The ancient Greeks developed more sophisticated techniques, roasting meat basted with salt and wine on wooden spits high above the fire. This prevented the meat from burning, and allowed it to cook slowly and absorb smoke. As barbecue writer "Meathead" Goldwyn has noted, smoked meat not only tasted good, but it contained antimicrobial compounds and dehydrated the meat, making it last longer without spoiling. These latter qualities were extremely important in the days before refrigeration.
Modern American barbecuing's most direct roots go back to the Native American cooking techniques that Spanish explorers and conquerors encountered in the Western Hemisphere. The indigenous people that Christopher Columbus found on the island of Hispanola (now Haiti and the Dominican Republic) in 1492 slow-cooked meat on wooden frames over an indirect fire.
In 1540, Hernando de Soto was a guest at a native feast of succulent barbecued pork [source: Geiling]. The explorer came back to Europe describing the delights of something he called barbacoa, which seems to have been a Spanish version of a word from the language of the Taino tribe of Native Americans. No one is exactly sure what Taino word the Spanish mistranslated [source: Goldwyn].
Native people on the southeastern coast of North America also had barbecues, and English colonists from the Carolinas all the way up to New England imitated their techniques [source: Moss]. The first mention of a barbecue feast was a 1706 narrative about a banquet involving English colonists in Jamaica roasting three pigs "in the West Indian manner." By the 1700s, cooking barbecue was such a popular pastime that George Washington noted attending six barbecues in his diary [sources: Moss, Collins].
Although barbecue was popular throughout colonial America, it became a particularly big deal in the South, where a lot of farmers raised hogs. Hogs were low-maintenance animals that could be set loose to forage in the woods. Those hogs had leaner, tougher meat, and barbecue's long, slow cooking was a good way to tenderize it. Further, the white people who lived in the South tended to hail from the south and west of England, which had a culture of roasting and broiling meat. Other parts of the U.S. preferred baking or broiling.

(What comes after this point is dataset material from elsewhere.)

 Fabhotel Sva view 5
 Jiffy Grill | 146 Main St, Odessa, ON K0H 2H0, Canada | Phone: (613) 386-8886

Working a barbecue pit requires long hot hours over a smoky fire. In the antebellum South, in the 1800s, the job was often given to an enslaved African to prepare barbecue for the whole plantation, both white and black. Africans too, had the tradition of spit-roasting meat in their native countries and contributed a lot to the cooking styles of the traditional Southern American barbecue [sources: Moss, Geiling].